Os juros futuros dispararam nesta Superquarta, diante do aumento dos ruídos em torno do acordo entre EUA e Irã, e, principalmente, da leitura "hawkish" do comunicado do Federal Reserve (Fed), que levou a uma reprecificação das apostas para juros americanos.
No fechamento, a taxa do DI para janeiro de 2031 avançava de 14,296% na terça no ajuste para 14,570%, e a do DI para janeiro de 2029, de 14,403% para 14,685%. O DI para janeiro de 2028 tinha taxa de 14,640% (de 14,428%) e a do DI para janeiro de 2027 subia de 14,256% na terça no ajuste para 14,320%.

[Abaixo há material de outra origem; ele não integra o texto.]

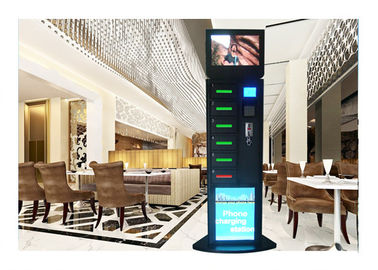 Hotel Smartphone Charging Station , Wireless Charging Station For Multiple Devices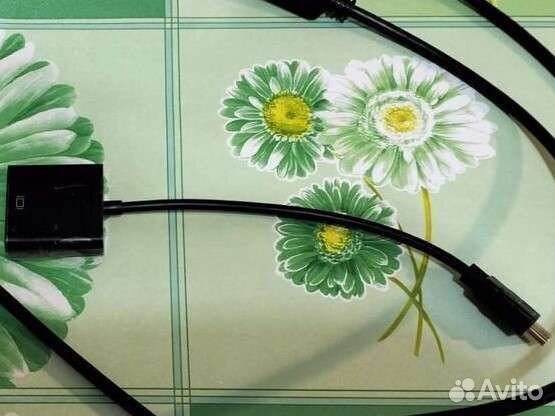 Переходник Dexp hdmi - VGA+Jack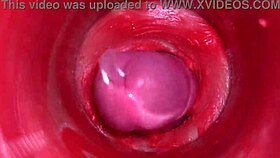 camera deep in my pussy for that powerful cumshot asmr 4k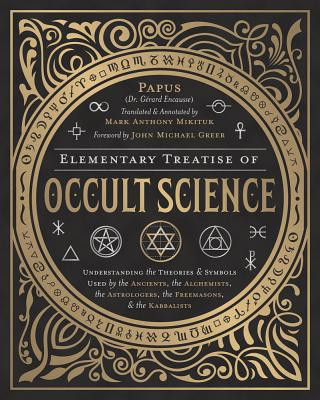Carte Elementary Treatise of Occult Science Papus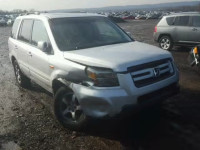 2008 HONDA PILOT EXL 5FNYF185X8B027307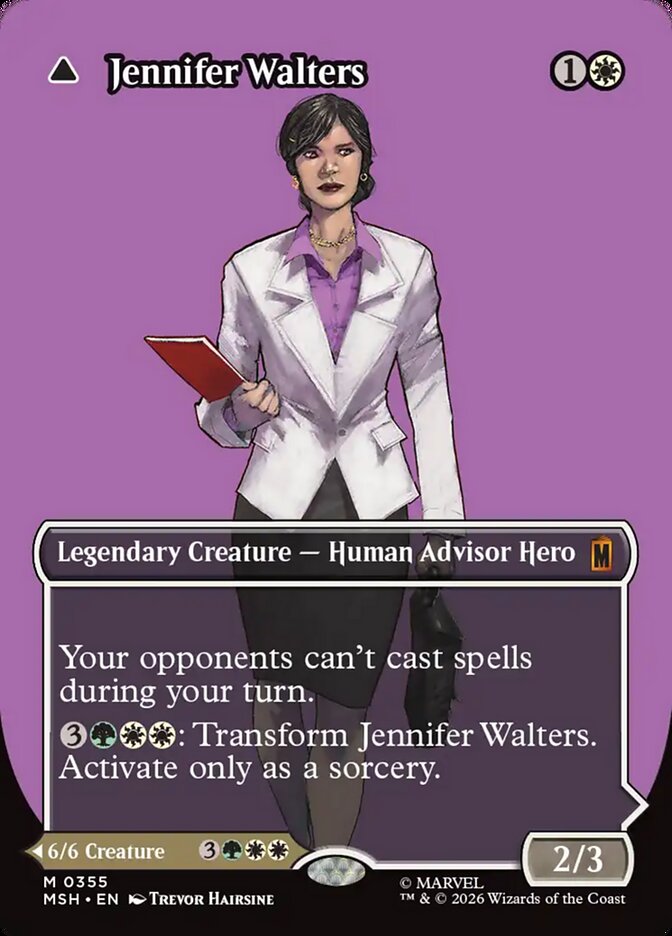 Jennifer Walters / The Sensational She-Hulk - Magic: The Gathering - MoxLand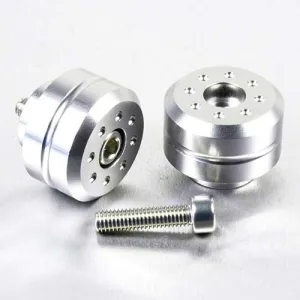 PRO BOLT - BAR END YAM 10 35MM SILVER - 06340547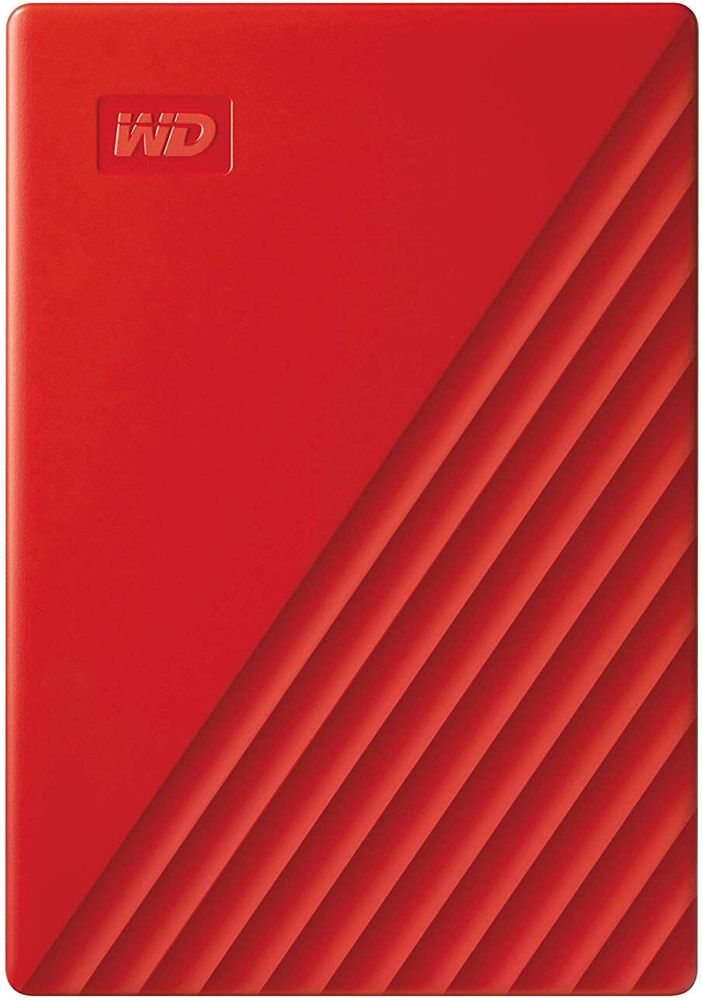 Levně Western Digital My Passport Portable 2TB, červený (WDBYVG0020BRD-WESN)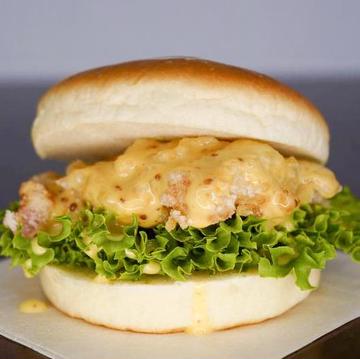 キンボシバーガー(塩)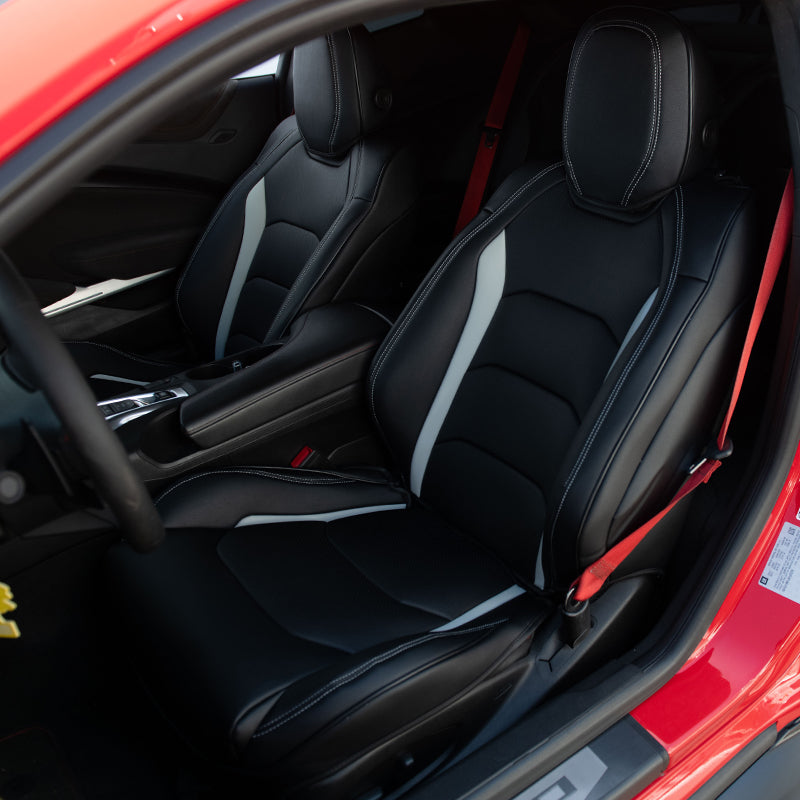 6th Gen Camaro Leather Seat Covers (Custom Order)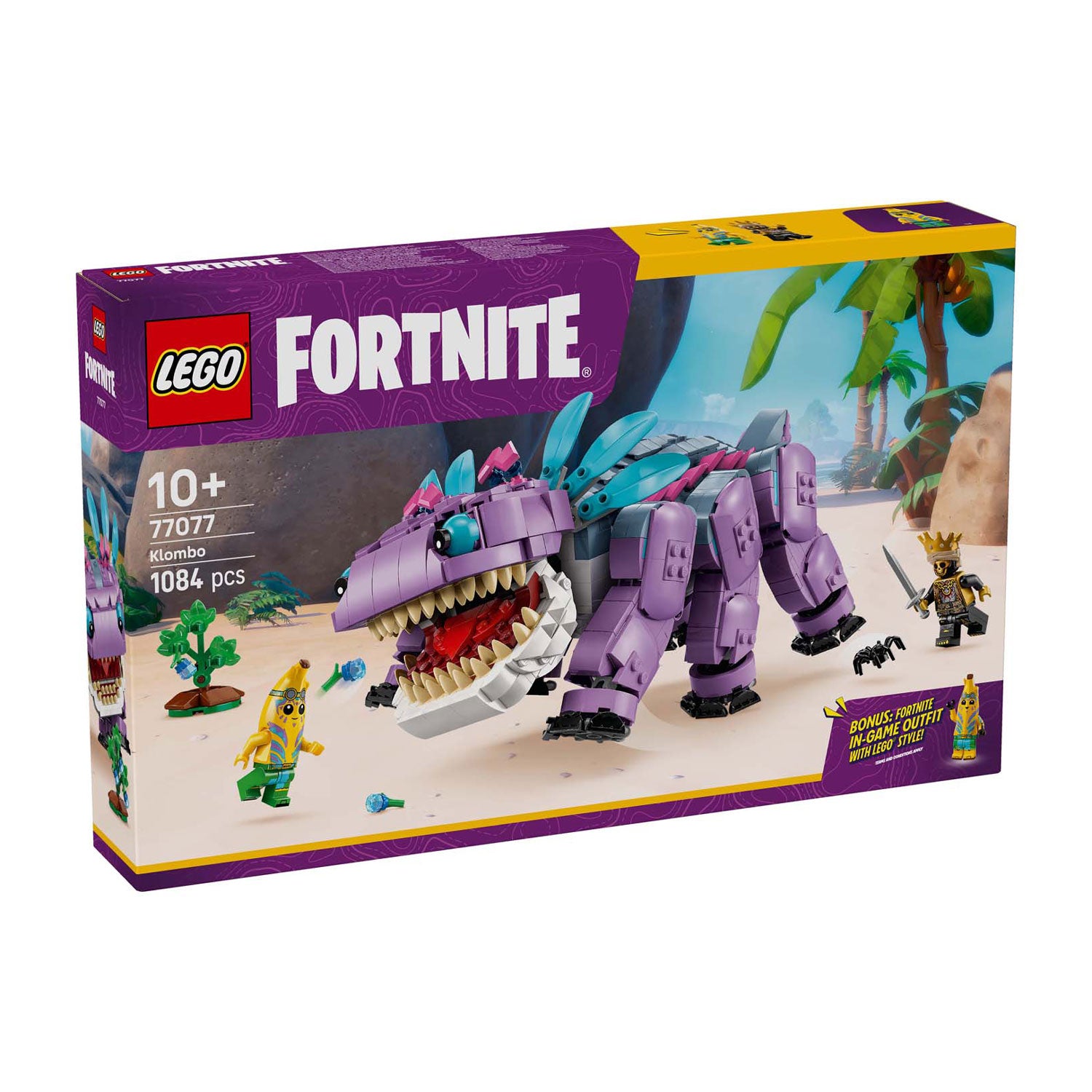 Lego fortnite 77077 klombo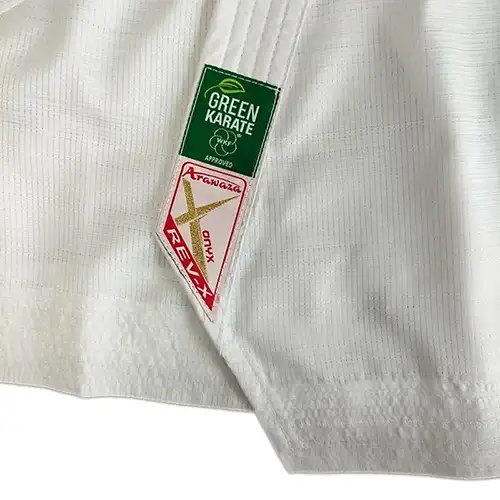 Zerogravity Double Sided Embroidered Karate Uniform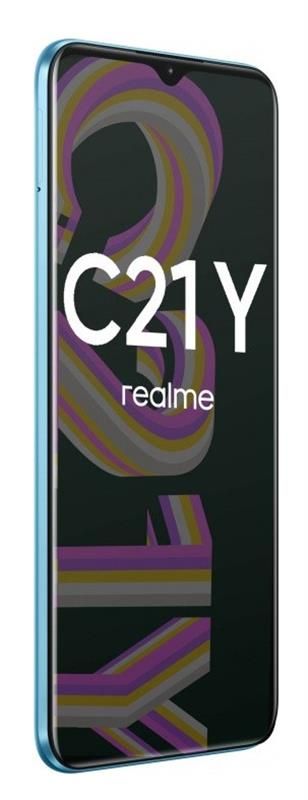 Смартфон Realme C21Y 4/64GB no NFC (RMX3263) Dual Sim Blue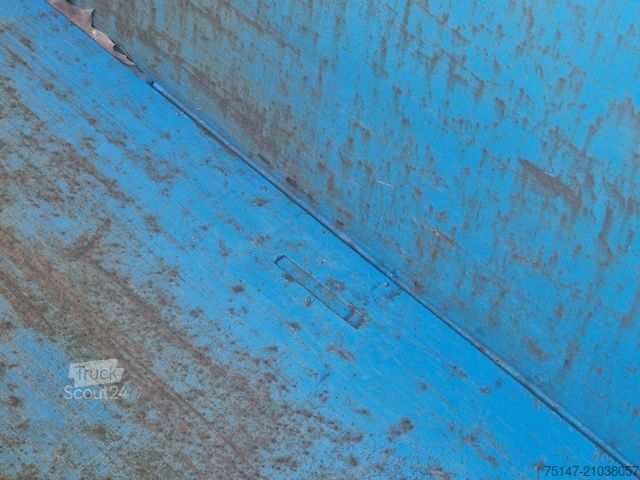 Remorque benne trilibérale CARNEHL 18 to Tandem 3-S.-Kipper Bordmatik TOP-Zustand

Na primeira reunião do Comitê Federal de Mercado Aberto (Fomc, na sigla em inglês) sob o comando de Kevin Warsh, os juros foram mantidos na faixa entre 3,50% e 3,75% como amplamente esperado, mas os mercados reagiram negativamente à elevação generalizada das medianas para juros nos próximos anos, segundo o gráfico de pontos. O Fomc trouxe um comunicado enxuto, evitando deixar guidance para a política monetária. Assim, a maioria das apostas para o aperto no juro migrou de outubro para dezembro.
Embora o Fomc tenha evitado dar sinalização sobre seus próximos passos, a percepção é de que o caminho para um aperto monetário que traga de volta a inflação para a meta de 2% está aberto. Não só pelo o que trouxe o comunicado, mas pelas declarações de Warsh na entrevista coletiva e do próprio presidente Donald Trump. Sempre crítico à gestão de Jerome Powell por não reduzir juros, ele admitiu que o banco central pode subir juros este ano. "Pode acontecer", afirmou.
"Parecia haver uma restrição política para subir juros antes das eleições, mas parece que não há mais. O mercado está precificando alta em outubro já", afirmou o economista da Meraki, Rafael Ihara.
O mercado viu uma postura bastante firme de Warsh no objetivo de estabilidade de preços, admitindo que a inflação "está bem acima da meta" e de que a função do Fed é garantir que não haja efeitos de segunda ordem sobre os preços. "Temos a capacidade e o compromisso de manter a inflação em 2%", afirmou.
O economista-chefe da CVPar, Marcelo Fonseca, afirma que havia alguma desconfiança de que o Fed, sob o comando de Warsh, poderia ceder à pressão de Trump por corte de juros. "Mas o Fomc manteve o compromisso com a estabilidade de preços e parece seguir olhando atentamente para o mandato da inflação", disse.
É nesse clima de cautela externa que o Copom decidirá logo mais sobre o futuro da Selic. Nas opções digitais da B3, a aposta de redução de 14,50% para 14,25% aparecia no fim da tarde com 77% de probabilidade, contra 23% de chance de manutenção.
Inspirado pelo Fomc, o Copom também pode evitar colocar qualquer guidance para a política monetária. "O BC já se comprometeu demais com esse movimento e vai entregar o corte de 0,25 pp, que é consenso por parte do mercado. A partir daí, acho que ele vai deixar de sinalizar, assim como fez o Fed, abandonando o forward guidance. Vai deixar de fazer sua sinalização futura e adotar uma postura de observância aos dados", afirma Fonseca, para quem o BC deveria, mas não vai, manter a Selic estável na reunião desta quarta.
Antes da decisão do Fed as taxas rondavam a estabilidade, mas já haviam subido pela manhã em meio às dúvidas em relação à formalização do acordo entre Estados Unidos e Irã, após Trump alertar sobre a possibilidade de Teerã não assinar o pacto. "Não quero bombardear o Irã de novo, mas talvez seja preciso", ameaçou. Os ruídos geopolíticos, porém, foram relegados a segundo plano após o comunicado do Fed.